Brief >> Omit all pictures, then retype the data exactly as given.

Given material >>
◆ ◆ ◆ ◆ ◆ ◆ ◆

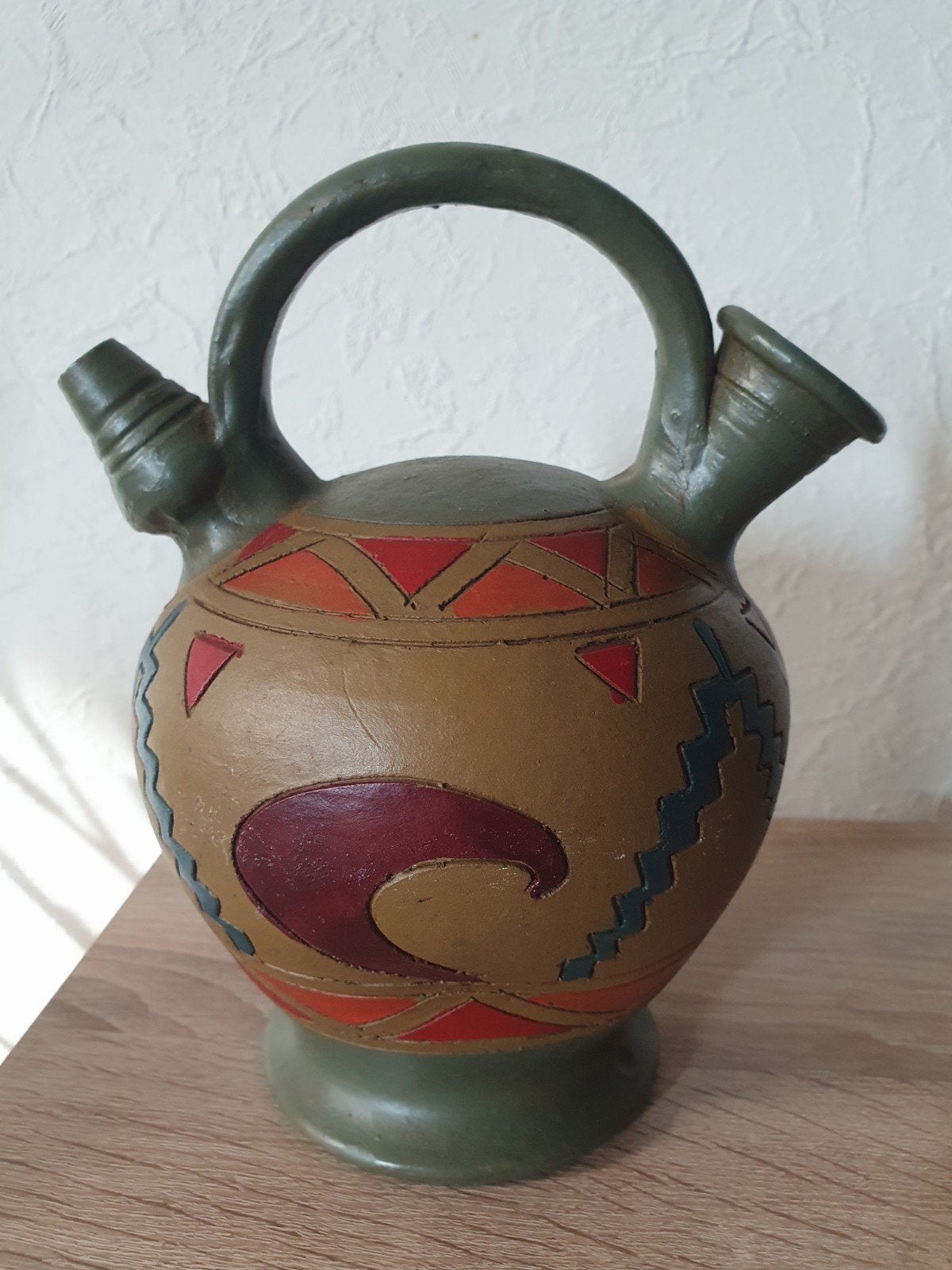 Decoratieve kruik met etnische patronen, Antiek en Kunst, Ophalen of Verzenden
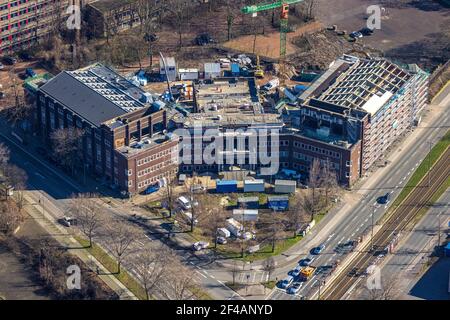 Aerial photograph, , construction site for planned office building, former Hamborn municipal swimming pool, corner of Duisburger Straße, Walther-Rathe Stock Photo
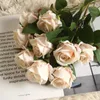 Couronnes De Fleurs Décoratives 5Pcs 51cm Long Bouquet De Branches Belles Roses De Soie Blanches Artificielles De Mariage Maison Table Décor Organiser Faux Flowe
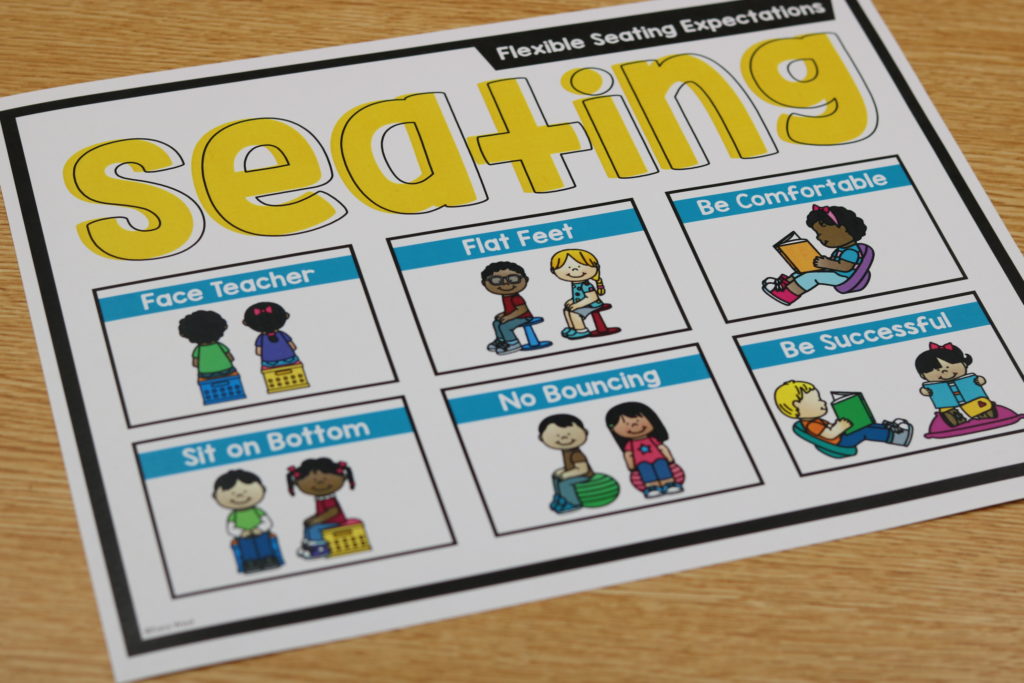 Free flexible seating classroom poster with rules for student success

◆ ◆ ◆ ◆ ◆ ◆ ◆

Written answer >>
 Decoratieve kruik met etnische patronen, Antiek en Kunst, Ophalen of Verzenden
 Aerial photograph, , construction site for planned office building, former Hamborn municipal swimming pool, corner of Duisburger Straße, Walther-Rathe Stock Photo
 Couronnes De Fleurs Décoratives 5Pcs 51cm Long Bouquet De Branches Belles Roses De Soie Blanches Artificielles De Mariage Maison Table Décor Organiser Faux Flowe
 Free flexible seating classroom poster with rules for student success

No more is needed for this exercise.